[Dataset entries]
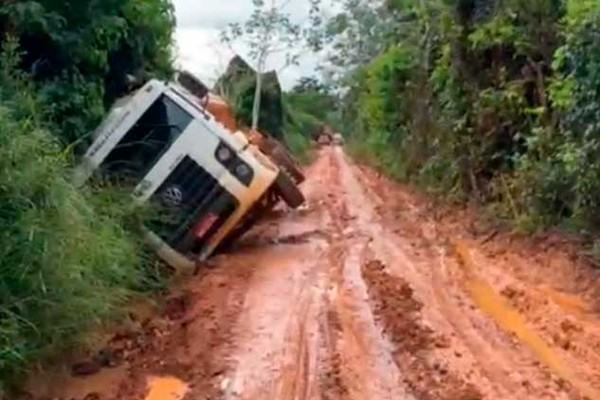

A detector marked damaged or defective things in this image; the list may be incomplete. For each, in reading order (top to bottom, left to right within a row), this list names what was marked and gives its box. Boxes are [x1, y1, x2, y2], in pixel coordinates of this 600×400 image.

overturned truck [75, 72, 308, 272]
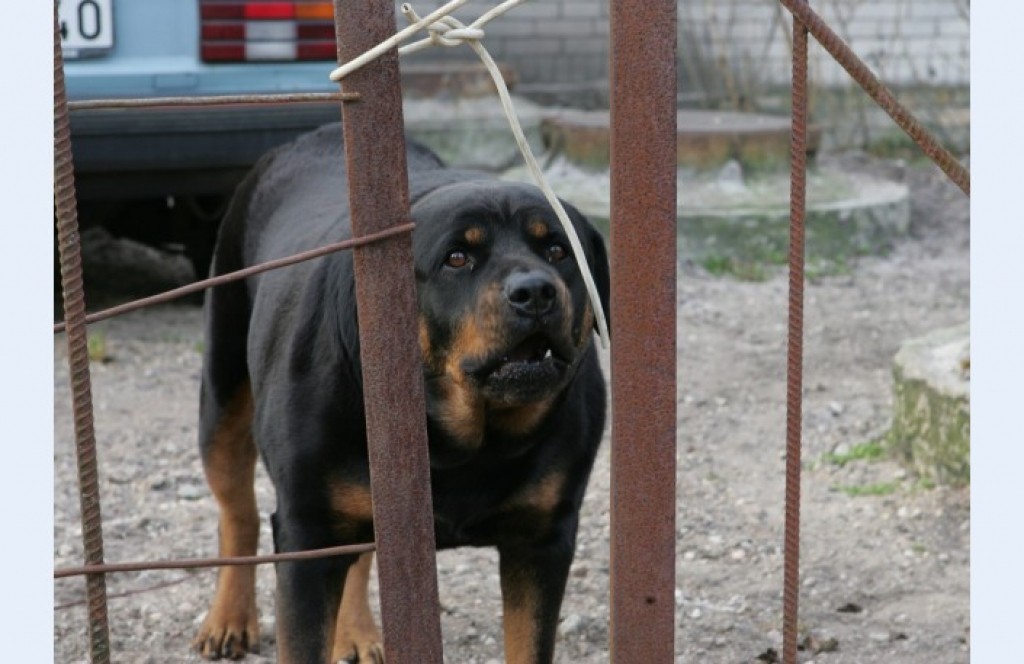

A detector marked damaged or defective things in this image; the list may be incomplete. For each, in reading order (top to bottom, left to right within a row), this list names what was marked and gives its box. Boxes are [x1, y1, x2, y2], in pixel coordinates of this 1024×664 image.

rusted steel beam [52, 6, 109, 664]
rusty metal post [54, 6, 111, 664]
rusty metal post [333, 2, 442, 659]
rusted steel beam [331, 2, 444, 659]
rust patch [528, 218, 552, 238]
rusty metal post [606, 0, 679, 659]
rusted steel beam [606, 0, 679, 659]
rusty metal post [782, 3, 806, 659]
rusted steel beam [782, 6, 806, 664]
rusted steel beam [774, 0, 966, 194]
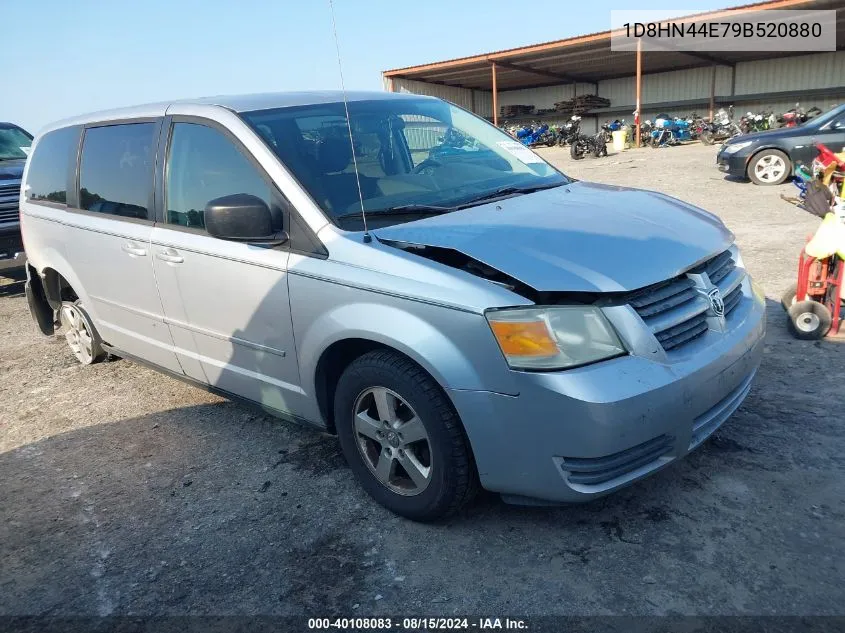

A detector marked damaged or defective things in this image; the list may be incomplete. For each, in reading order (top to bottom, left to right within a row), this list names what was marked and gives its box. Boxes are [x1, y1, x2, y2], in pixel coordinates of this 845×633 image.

damaged hood [372, 180, 736, 294]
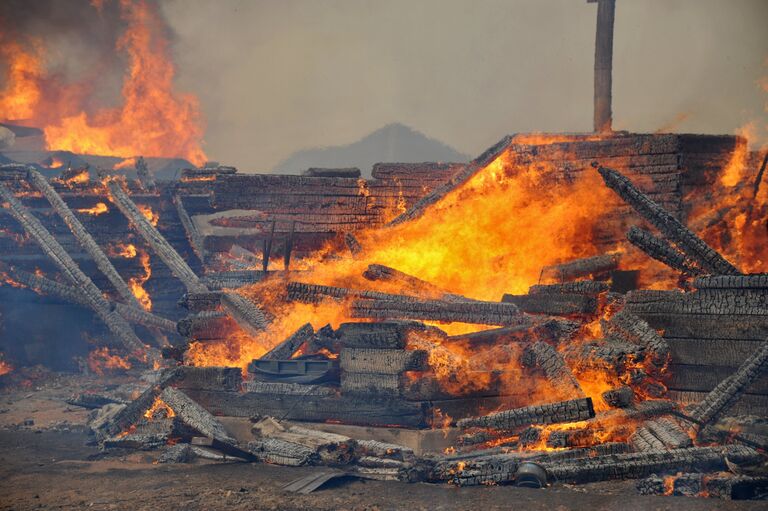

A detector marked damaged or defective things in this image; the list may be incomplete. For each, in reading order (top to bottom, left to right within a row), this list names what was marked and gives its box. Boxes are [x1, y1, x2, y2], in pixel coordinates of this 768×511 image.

cracked charred wood [0, 182, 154, 362]
charred wooden beam [0, 182, 154, 362]
cracked charred wood [27, 171, 142, 308]
charred wooden beam [27, 171, 142, 308]
cracked charred wood [0, 262, 176, 334]
cracked charred wood [106, 179, 207, 292]
cracked charred wood [173, 194, 206, 262]
cracked charred wood [181, 292, 224, 312]
cracked charred wood [176, 312, 232, 340]
cracked charred wood [170, 368, 242, 392]
cracked charred wood [260, 324, 316, 360]
charred wooden beam [260, 324, 316, 360]
cracked charred wood [344, 232, 364, 256]
cracked charred wood [340, 346, 428, 374]
charred wooden beam [340, 350, 428, 374]
cracked charred wood [338, 322, 438, 350]
cracked charred wood [364, 264, 472, 304]
charred wooden beam [350, 296, 524, 328]
cracked charred wood [352, 296, 528, 328]
cracked charred wood [456, 398, 592, 434]
charred wooden beam [456, 400, 592, 432]
cracked charred wood [500, 292, 596, 316]
cracked charred wood [520, 344, 584, 400]
charred wooden beam [520, 344, 584, 400]
cracked charred wood [524, 280, 608, 296]
cracked charred wood [536, 253, 620, 282]
charred wooden beam [536, 253, 620, 282]
cracked charred wood [604, 386, 632, 410]
cracked charred wood [604, 308, 668, 368]
charred wooden beam [604, 308, 668, 368]
cracked charred wood [624, 226, 704, 276]
charred wooden beam [624, 227, 704, 276]
cracked charred wood [596, 167, 740, 276]
charred wooden beam [596, 167, 740, 276]
leaning charred post [596, 167, 740, 276]
cracked charred wood [688, 338, 768, 426]
charred wooden beam [688, 338, 768, 426]
cracked charred wood [248, 438, 316, 466]
cracked charred wood [254, 418, 358, 466]
cracked charred wood [544, 446, 760, 486]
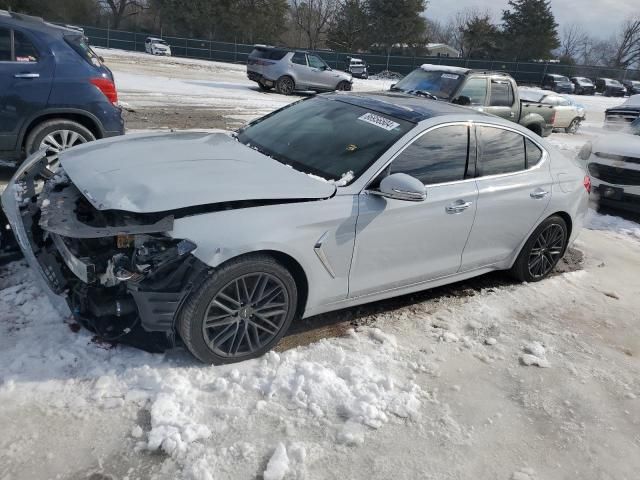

[THE TASK] Please reproduce the records above exactly and leave any picture behind.

[FINISHED TASK]
A detector marked damaged or defective things in this image; the list may be incomplete. For each, in reading order (top to bottom, left to right within a row), this list names what was marked and gives its box. Boxes are [x1, y1, x2, y2], in pixel coordinates of this 600×400 image.

overturned truck [75, 72, 308, 272]

A detector marked damaged or defective things in this image; the list may be incomplete. For each, in reading order (top to bottom, left to right within a row), this list names what was marked and gives its box. Boxes are [x1, y1, x2, y2], in pixel coordinates of this 1024×664 image.

rusted steel beam [52, 6, 109, 664]
rusty metal post [54, 6, 111, 664]
rusty metal post [333, 2, 442, 659]
rusted steel beam [331, 2, 444, 659]
rust patch [528, 218, 552, 238]
rusty metal post [606, 0, 679, 659]
rusted steel beam [606, 0, 679, 659]
rusty metal post [782, 3, 806, 659]
rusted steel beam [782, 6, 806, 664]
rusted steel beam [774, 0, 966, 194]

A detector marked damaged or defective things in this image; the list may be incomplete. For each, in reading order (top to bottom, left to right within a row), this list names what was marked and gives its box. Boxes are [x1, y1, x2, y2], in pixel coordinates of this 845×633 image.

damaged hood [372, 180, 736, 294]

A detector marked damaged or defective things in this image; the list may be incomplete. For each, in reading order (top to bottom, left to right within a row), this list names what was marked and gives its box. Boxes are [x1, y1, x2, y2], in pixel coordinates of this 768×511 image.

cracked charred wood [0, 182, 154, 362]
charred wooden beam [0, 182, 154, 362]
cracked charred wood [27, 171, 142, 308]
charred wooden beam [27, 171, 142, 308]
cracked charred wood [0, 262, 176, 334]
cracked charred wood [106, 179, 207, 292]
cracked charred wood [173, 194, 206, 262]
cracked charred wood [181, 292, 224, 312]
cracked charred wood [176, 312, 232, 340]
cracked charred wood [170, 368, 242, 392]
cracked charred wood [260, 324, 316, 360]
charred wooden beam [260, 324, 316, 360]
cracked charred wood [344, 232, 364, 256]
cracked charred wood [340, 346, 428, 374]
charred wooden beam [340, 350, 428, 374]
cracked charred wood [338, 322, 438, 350]
cracked charred wood [364, 264, 472, 304]
charred wooden beam [350, 296, 524, 328]
cracked charred wood [352, 296, 528, 328]
cracked charred wood [456, 398, 592, 434]
charred wooden beam [456, 400, 592, 432]
cracked charred wood [500, 292, 596, 316]
cracked charred wood [520, 344, 584, 400]
charred wooden beam [520, 344, 584, 400]
cracked charred wood [524, 280, 608, 296]
cracked charred wood [536, 253, 620, 282]
charred wooden beam [536, 253, 620, 282]
cracked charred wood [604, 386, 632, 410]
cracked charred wood [604, 308, 668, 368]
charred wooden beam [604, 308, 668, 368]
cracked charred wood [624, 226, 704, 276]
charred wooden beam [624, 227, 704, 276]
cracked charred wood [596, 167, 740, 276]
charred wooden beam [596, 167, 740, 276]
leaning charred post [596, 167, 740, 276]
cracked charred wood [688, 338, 768, 426]
charred wooden beam [688, 338, 768, 426]
cracked charred wood [248, 438, 316, 466]
cracked charred wood [254, 418, 358, 466]
cracked charred wood [544, 446, 760, 486]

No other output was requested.